In September 2003, I went to stay for a year at Yokoji Zen Mountain Center, in the San Jacinto mountains of Southern California. I was a bright green young Zennie, so I was given simple tasks at the beginning. I spent most of my days outside clearing brush and slash, and "leveling the road" with a rake. During chanting services, I bonked the fish.
The road to ZMC is dirt, winding around a slope and prone to washouts. On my first full day at the monastery, I got on a tractor with the work leader, Shinko, who drove me down to a warty stretch, handed me an aluminum rake, and said, "make this a little more level." Shinko drove off to level another stretch with a more appropriate tool: the tractor.
I, a young software engineer, who had never completed a day of manual labor in my life, contemplated the road, my hands, the rake, and the year ahead. I was at a loss. In what way could these things be combined productively? "Level the road"? I pushed some rocks around with the rake. In a desperate burst, I tore at a hump in the road, breaking off a clod here and there. I stopped to see if I'd gotten blisters. It started to rain heavily.
Once both I and the road were too wet to continue with our exercises, I found a manzanita bush to squat under, and I asked myself what the hell I was doing there. How could I survive a year of this? I was a wimp, and lazy, and a failure at Zen. Real monks level the road with their fingernails, probably, but I had gotten nowhere. I was about to commit seppuku by throwing myself on my rake when I heard the tractor coming back up the road. Shinko yelled, "The road looks much better! Let's go inside."
For my service position I played the makugyo: a hollow wooden fish. Bonking the makugyo seems hard to screw up: a monk named Kampo led the chanting, and the makugyo-bonker bonked in time, synchronizing with Kampo's pace.
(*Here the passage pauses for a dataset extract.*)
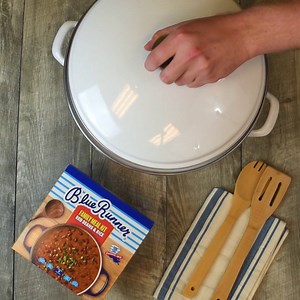 School is hard enough—let us help with the homework. ✏️📘 Make it easy with our Family Meal Kit. | Blue Runner Foods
Kampo bounced on his heels as he chanted, so sometimes I watched his lips, sometimes his heels. But I could never quite get it right—over the long minutes of bonking, I seemed to hypnotize myself into a reverie, and slowed down. I'd tense my shoulders and try to bonk faster, but I felt stuck in molasses, as in a dream. Kampo would bounce higher and make a lifting gesture with his hand—I can see him now through the haze of remembered makugyo-trauma.
After service Kampo couldn't wait to correct me. He would pull me out of the meditation hall at the first opportunity to berate me in a whisper. Why couldn't I follow his lead? Was I asleep at the makugyo, or what?
Looking back, I see there was a mousetrap at the door of the zendo, and Kampo and I had stepped on it. We were trying to do the service perfectly, and our agreed-upon strategy for accomplishing this was to be as neurotic as possible. But the trap can be escaped, and eventually I did. And I believe I'd have lost an essential aspect of Zen training if I'd had weeks of rehearsals before the performance. Now I wish I'd screwed up worse: lost control of the mallet and given myself a bloody nose, some really disastrous makugyo-bonking accident—because screwing up a service is a profound teaching. The service doesn't matter! (The service matters.)